MorvanZhou / Reinforcement-learning-with-tensorflow

Simple Reinforcement learning tutorials, 莫烦Python 中文AI教学
https://mofanpy.com/tutorials/machine-learning/reinforcement-learning/
MIT License
8.86k stars 5k forks source link

Some questions about PPO #10

Closed 20chase closed 7 years ago

20chase commented 7 years ago

Hello Zhou,

What a nice code. But I have some questions about your PPO part.

  1. Do you test other continue space env like Mujoco? I test the Simple PPO code in Mujoco, which look like the code doesn't work. On the other hand, Pendulum-v0 result is good but not very good, which mean the best 100-episode average reward was below -200.

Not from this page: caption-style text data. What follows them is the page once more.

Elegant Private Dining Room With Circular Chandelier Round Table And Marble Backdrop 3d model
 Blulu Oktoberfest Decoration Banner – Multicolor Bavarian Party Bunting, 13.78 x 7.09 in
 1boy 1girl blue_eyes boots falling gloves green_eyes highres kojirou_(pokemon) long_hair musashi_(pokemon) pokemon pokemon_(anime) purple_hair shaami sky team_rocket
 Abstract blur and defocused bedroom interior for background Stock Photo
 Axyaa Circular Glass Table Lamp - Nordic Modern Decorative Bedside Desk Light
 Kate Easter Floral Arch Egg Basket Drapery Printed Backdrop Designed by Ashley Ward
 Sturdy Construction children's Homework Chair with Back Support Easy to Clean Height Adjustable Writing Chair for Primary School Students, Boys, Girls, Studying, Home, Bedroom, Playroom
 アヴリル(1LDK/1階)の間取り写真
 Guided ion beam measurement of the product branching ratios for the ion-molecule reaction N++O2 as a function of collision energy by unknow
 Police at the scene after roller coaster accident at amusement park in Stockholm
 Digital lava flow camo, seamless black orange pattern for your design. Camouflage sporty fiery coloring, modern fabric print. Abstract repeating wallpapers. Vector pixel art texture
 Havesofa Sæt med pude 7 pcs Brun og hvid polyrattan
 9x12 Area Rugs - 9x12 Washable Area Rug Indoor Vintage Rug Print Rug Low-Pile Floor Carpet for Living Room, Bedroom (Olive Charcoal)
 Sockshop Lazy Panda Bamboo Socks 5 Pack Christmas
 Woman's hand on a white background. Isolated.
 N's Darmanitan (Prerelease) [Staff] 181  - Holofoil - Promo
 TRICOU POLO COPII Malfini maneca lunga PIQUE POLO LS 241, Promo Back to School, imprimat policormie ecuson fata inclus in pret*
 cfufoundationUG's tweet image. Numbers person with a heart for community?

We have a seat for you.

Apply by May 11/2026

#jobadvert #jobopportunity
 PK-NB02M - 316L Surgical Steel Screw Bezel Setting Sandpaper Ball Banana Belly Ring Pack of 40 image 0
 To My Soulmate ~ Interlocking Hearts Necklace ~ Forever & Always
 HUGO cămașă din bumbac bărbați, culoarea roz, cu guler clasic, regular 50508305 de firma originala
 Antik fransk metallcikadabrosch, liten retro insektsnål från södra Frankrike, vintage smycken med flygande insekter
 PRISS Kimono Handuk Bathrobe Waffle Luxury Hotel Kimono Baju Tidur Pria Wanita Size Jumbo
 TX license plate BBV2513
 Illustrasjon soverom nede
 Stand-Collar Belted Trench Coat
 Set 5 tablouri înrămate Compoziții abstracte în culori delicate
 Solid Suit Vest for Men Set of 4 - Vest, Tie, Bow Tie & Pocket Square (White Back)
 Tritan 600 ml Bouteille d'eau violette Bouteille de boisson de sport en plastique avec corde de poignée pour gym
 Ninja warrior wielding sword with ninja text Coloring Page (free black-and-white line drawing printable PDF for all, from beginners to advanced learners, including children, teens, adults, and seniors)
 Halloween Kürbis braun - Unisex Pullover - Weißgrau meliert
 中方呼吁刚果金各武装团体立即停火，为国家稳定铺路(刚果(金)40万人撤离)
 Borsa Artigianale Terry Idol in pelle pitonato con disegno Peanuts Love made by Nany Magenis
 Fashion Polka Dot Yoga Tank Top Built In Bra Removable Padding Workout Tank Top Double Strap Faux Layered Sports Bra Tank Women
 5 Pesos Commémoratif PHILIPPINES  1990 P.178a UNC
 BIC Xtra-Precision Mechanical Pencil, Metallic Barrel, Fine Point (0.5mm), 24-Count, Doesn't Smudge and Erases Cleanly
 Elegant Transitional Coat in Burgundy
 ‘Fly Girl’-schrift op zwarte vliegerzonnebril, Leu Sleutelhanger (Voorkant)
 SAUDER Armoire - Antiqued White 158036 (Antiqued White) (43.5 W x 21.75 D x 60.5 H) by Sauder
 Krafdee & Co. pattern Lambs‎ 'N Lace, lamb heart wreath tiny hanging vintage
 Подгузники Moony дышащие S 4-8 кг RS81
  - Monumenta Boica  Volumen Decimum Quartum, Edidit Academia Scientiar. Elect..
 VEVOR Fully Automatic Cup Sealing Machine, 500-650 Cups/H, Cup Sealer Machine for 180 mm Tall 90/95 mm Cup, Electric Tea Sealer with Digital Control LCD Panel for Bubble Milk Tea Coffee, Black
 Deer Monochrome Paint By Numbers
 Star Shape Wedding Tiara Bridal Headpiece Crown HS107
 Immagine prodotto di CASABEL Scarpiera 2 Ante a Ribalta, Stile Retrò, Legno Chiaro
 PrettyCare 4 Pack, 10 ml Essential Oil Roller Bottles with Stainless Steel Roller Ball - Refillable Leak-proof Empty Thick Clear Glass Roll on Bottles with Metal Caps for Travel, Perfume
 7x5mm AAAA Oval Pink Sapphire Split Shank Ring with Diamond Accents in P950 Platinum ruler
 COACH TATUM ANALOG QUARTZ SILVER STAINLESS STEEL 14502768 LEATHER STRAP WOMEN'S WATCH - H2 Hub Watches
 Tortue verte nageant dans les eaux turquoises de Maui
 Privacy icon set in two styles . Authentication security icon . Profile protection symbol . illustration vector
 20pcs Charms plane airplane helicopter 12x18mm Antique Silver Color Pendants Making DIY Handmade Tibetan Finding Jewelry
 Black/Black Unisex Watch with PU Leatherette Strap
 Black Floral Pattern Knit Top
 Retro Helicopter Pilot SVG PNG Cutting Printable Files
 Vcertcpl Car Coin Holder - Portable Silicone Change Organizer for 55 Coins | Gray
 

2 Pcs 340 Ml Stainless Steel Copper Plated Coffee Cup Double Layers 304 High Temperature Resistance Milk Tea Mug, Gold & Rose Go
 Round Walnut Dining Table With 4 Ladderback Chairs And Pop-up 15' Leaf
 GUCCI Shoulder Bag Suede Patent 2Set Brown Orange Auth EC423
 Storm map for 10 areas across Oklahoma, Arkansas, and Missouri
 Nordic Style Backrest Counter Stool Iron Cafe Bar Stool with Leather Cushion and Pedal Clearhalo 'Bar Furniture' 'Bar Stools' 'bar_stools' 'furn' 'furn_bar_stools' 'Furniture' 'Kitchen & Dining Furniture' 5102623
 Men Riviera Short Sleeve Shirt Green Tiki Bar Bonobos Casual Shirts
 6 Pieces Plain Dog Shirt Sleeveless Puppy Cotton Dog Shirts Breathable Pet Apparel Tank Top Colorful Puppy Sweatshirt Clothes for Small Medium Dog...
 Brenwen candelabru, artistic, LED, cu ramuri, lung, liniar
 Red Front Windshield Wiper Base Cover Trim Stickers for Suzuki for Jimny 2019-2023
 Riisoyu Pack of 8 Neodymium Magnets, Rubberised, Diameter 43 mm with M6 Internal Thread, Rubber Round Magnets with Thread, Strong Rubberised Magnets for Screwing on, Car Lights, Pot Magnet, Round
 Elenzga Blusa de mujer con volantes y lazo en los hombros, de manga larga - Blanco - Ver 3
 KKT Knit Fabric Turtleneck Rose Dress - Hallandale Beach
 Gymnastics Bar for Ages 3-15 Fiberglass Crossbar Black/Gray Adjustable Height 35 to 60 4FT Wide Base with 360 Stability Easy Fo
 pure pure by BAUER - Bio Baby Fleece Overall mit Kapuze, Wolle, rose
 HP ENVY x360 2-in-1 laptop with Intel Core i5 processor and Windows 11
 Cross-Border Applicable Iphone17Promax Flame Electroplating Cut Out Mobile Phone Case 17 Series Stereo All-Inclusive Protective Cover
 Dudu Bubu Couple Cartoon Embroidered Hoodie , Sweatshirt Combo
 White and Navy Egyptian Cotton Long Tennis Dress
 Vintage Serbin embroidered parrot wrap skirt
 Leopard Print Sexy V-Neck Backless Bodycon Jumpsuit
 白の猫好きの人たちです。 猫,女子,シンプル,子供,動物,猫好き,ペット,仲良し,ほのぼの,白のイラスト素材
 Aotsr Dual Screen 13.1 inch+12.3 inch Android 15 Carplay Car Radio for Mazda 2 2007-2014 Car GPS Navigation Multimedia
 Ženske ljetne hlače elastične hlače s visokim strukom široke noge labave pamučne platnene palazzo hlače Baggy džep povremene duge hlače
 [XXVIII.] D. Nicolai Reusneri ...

  2. In Simple PPO code, you use the reward normalize. But I don't understand why the reward normalize can improve the result so much? You know, the reward normalize in the code is characteristic engineering, we had better not do it by ourselves.

I am looking forward your reply. : )

MorvanZhou commented 7 years ago

Hi @20chase ,

1.Do you test other continue space env like Mujoco? I test the Simple PPO code in Mujoco, which look like the code doesn't work. On the other hand, Pendulum-v0 result is good but not very good, which mean the best 100-episode average reward was below -200.

I haven't tried the Mujoco yet, and the simple_PPO code is a single-thread based structure, the data an agent collected is highly correlated, which is not good for training. But the simplePPO is a good example that demonstrates the PPO's structure. A better result could be achieved using multi-agents like A3C (My DPPO adopts this idea).

  1. In Simple PPO code, you use the reward normalize. But I don't understand why the reward normalize can improve the result so much? You know, the reward normalize in the code is characteristic engineering, we had better not do it by ourselves.

The normalization process is mentioned in google's DPPO paper. The reason under the hood should be that they consider a future return and discounted reward (not TD learning). I found in the Pendulum's environment, the reward is always negative. Taking account the discount factor when reward closes to zero (when pendulum achieves the highest point). the future return goes toward zero if it keeps staying at the highest point. While if the highest reward is a positive number, the future return can be accumulated to a larger number (I think the cumulative fact encourages learning).